一般に、静電容量方式のタッチセンサーや小型のスイッチでは、実際にコンピュータが「ユーザーに触られた」と認識したことをユーザーに正しく伝えるのが難しく、最近のスマートフォンでも「クリック音」や「バイブレーター」の機能を使って擬似的に「触感」を再現している。
これを機械的により自然に行うのがHaptic Feedbackだ。例えば、キートップの刻印のみが施された板で実際にキーボードを打っているような感覚を得られたり、スマートフォンやタブレットでスクラッチゲームのような「(表面を)こする」感覚を楽しむ、といったことが可能になる。
もしHaptic Feedbackが「Surface」シリーズの「Touch Cover」に採用されれば、「実際にタイプした感覚がないので使いにくい」という感想とともに自然消滅していった同製品も、その薄さと軽さから再び注目を集める日がやって来るかもしれない。
MSRAは組織単体の研究開発もさることながら、ここが「ハブ」となって中国IT産業の中核の1つを担っている点に特徴がある。
例えばMSRAのビル1階はショールームとなっており、Microsoftの最新技術を駆使したプレゼンテーションが堪能できる。全面がWindowsの“Live Tile”で占められた部屋や、270度をカバーする円筒形状の部屋に半透明スクリーンが置かれ、立体的に映し出される複数の情報を俯瞰(ふかん)的に眺められるもの、そして2つの離れた会議室をつないでプレゼンテーションを交えた会議が行えるビデオチャットシステムなど、筆者もMSRAでしか見た記憶がない設備が用意されている。
そして同ビルの2階は「Microsoft Ventures」の名が付けられたインキュベーターによる、ベンチャー企業20社が集まるコワーキングスペースとなっている。ここは年1〜2回程度の審査を経て入居したスタートアップらの作業空間となっており、主に起業から1〜2年程度の企業が多いようだ。
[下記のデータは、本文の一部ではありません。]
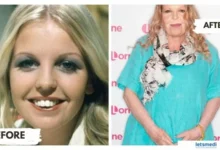 sally thomsett face surgery
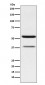 Anti-CEACAM6 Rabbit Monoclonal Antibody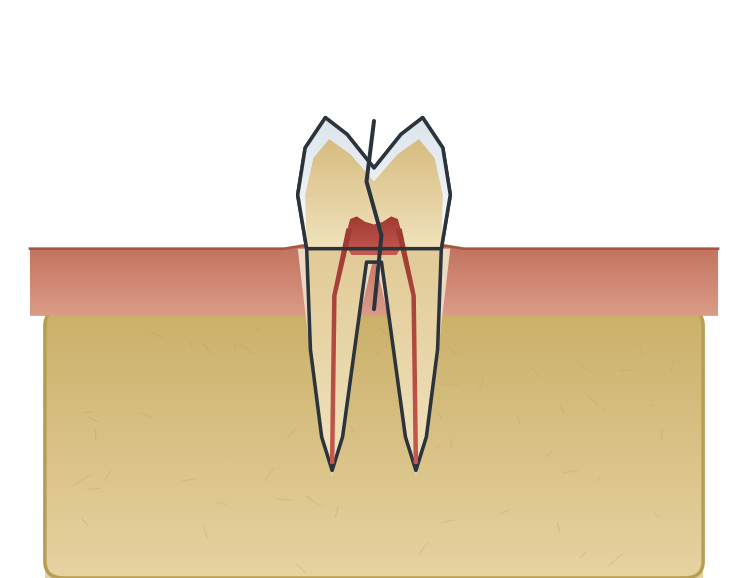 Illustration: Cracked tooth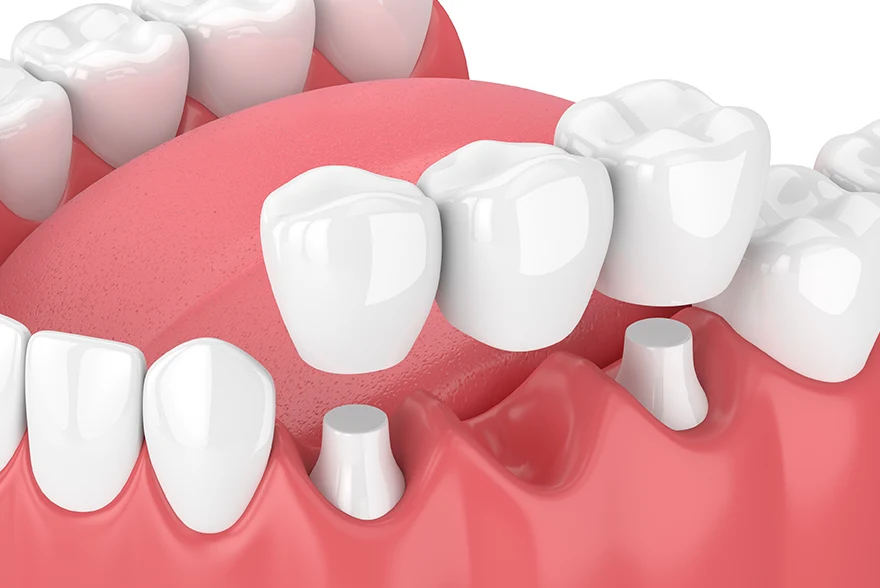Dental Bridges Jacksonville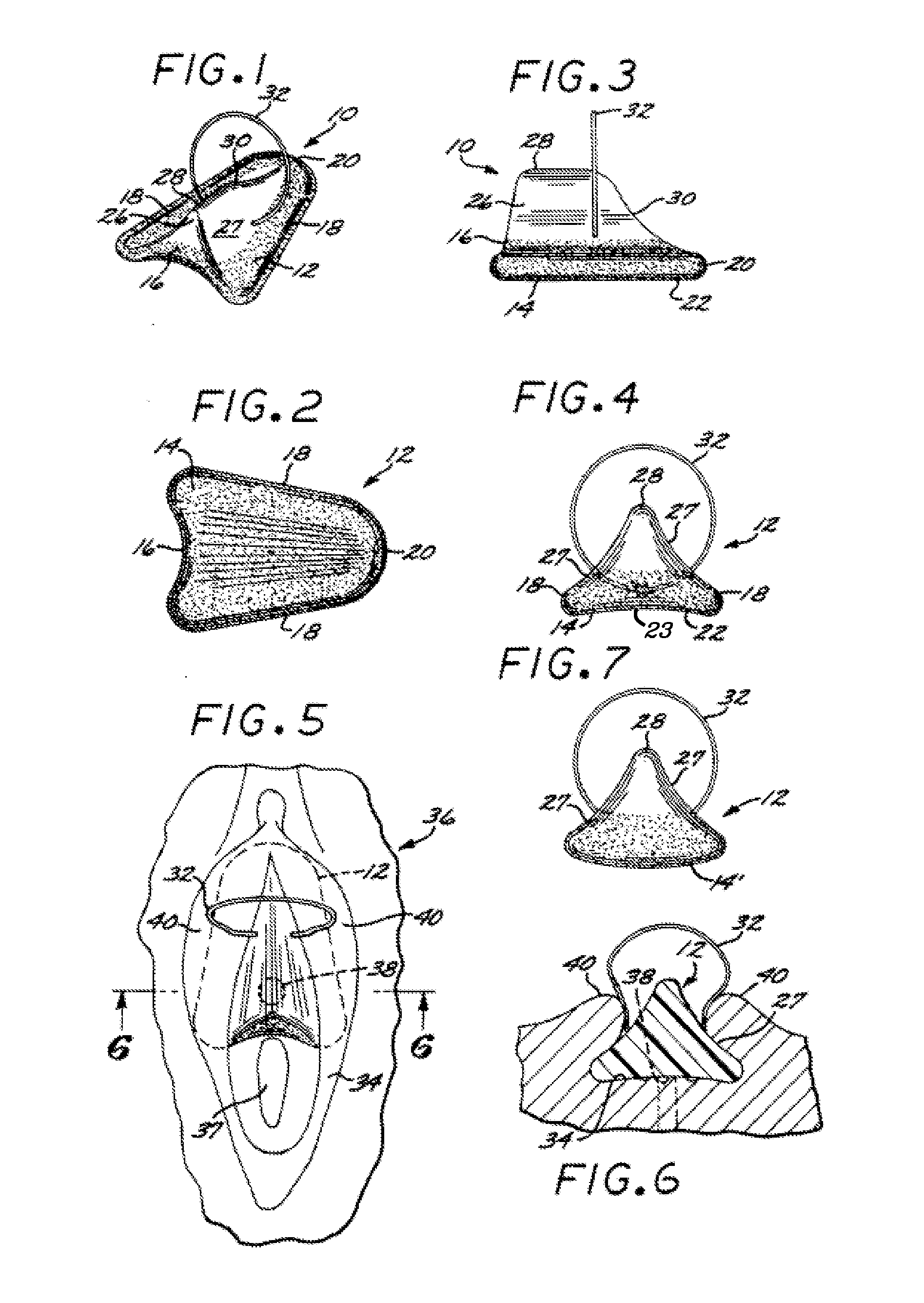 Systems and methods for incontinence control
Microsoftによれば、出資関連以外の面で特に利用条件はなく、その業種もサービスや携帯アプリ、さらには話題のドローンまでさまざまだ。傾向としては、もともとMSRAの研究員がそのままMicrosoft Venturesで独立したケースや、もともとの研究テーマをそのまま引き継いだ関係で「イメージ解析」や「検索広告」といったものが多かったりなど、MSRAならではの特色が出ている。
また「中国外へのサービス展開」を当初から打ち出している点も大きな特徴で、この辺りは「国内限定」となりやすい中国の他のITスタートアップとは、一線を画していると言えるかもしれない。
人口が14億人を突破していると言われる中国では、国内を主要ターゲットとしただけでも十分にビジネスが成立する。実際、北京周辺だけで数千のIT関連スタートアップが存在すると言われており、そのままフェードアウトしていく企業も少なくないものの、その中には軌道に乗ってAlibabaやBaiduのような企業へと成長していくものもあるだろう。